» **Exercise description**
Any picture in the data below should be skipped, while every line is repeated exactly.

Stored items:

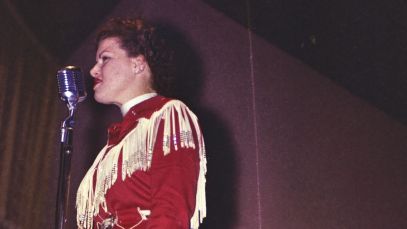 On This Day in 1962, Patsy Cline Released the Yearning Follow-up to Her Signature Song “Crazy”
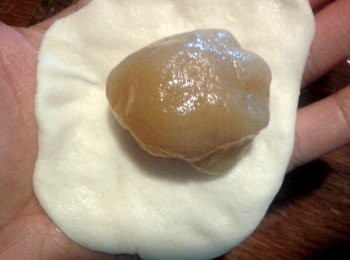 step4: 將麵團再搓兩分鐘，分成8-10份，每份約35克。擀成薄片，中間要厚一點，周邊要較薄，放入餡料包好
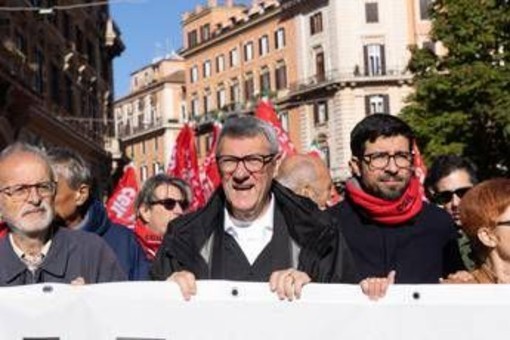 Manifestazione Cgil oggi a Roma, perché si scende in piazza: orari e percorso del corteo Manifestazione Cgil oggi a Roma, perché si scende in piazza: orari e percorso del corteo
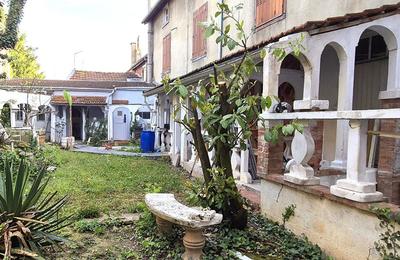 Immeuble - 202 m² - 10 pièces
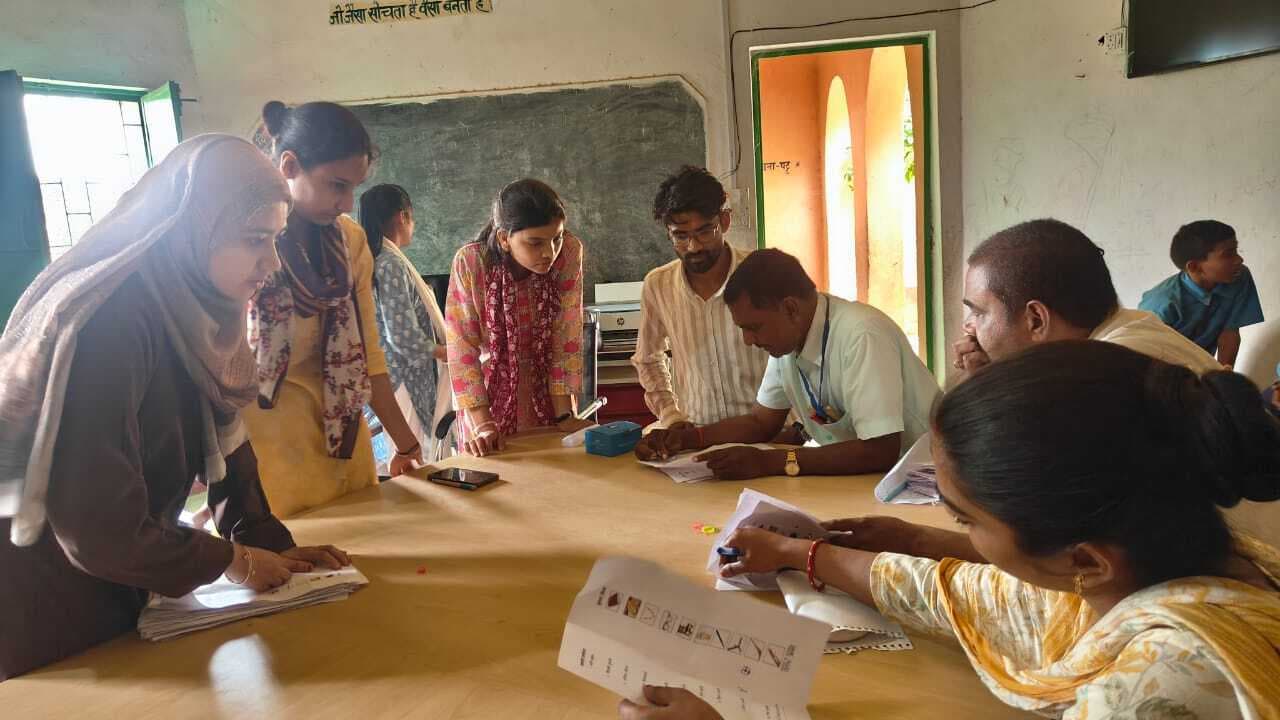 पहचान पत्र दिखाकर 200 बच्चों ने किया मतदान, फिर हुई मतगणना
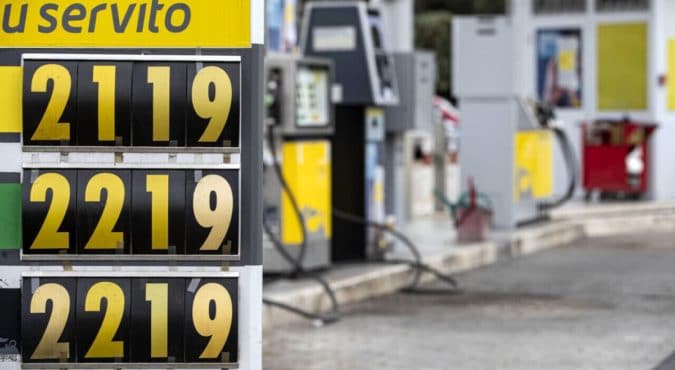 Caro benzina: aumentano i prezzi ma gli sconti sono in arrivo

» **Solution to the exercise**
 On This Day in 1962, Patsy Cline Released the Yearning Follow-up to Her Signature Song “Crazy”
 step4: 將麵團再搓兩分鐘，分成8-10份，每份約35克。擀成薄片，中間要厚一點，周邊要較薄，放入餡料包好
 Manifestazione Cgil oggi a Roma, perché si scende in piazza: orari e percorso del corteo Manifestazione Cgil oggi a Roma, perché si scende in piazza: orari e percorso del corteo
 Immeuble - 202 m² - 10 pièces
 पहचान पत्र दिखाकर 200 बच्चों ने किया मतदान, फिर हुई मतगणना
 Caro benzina: aumentano i prezzi ma gli sconti sono in arrivo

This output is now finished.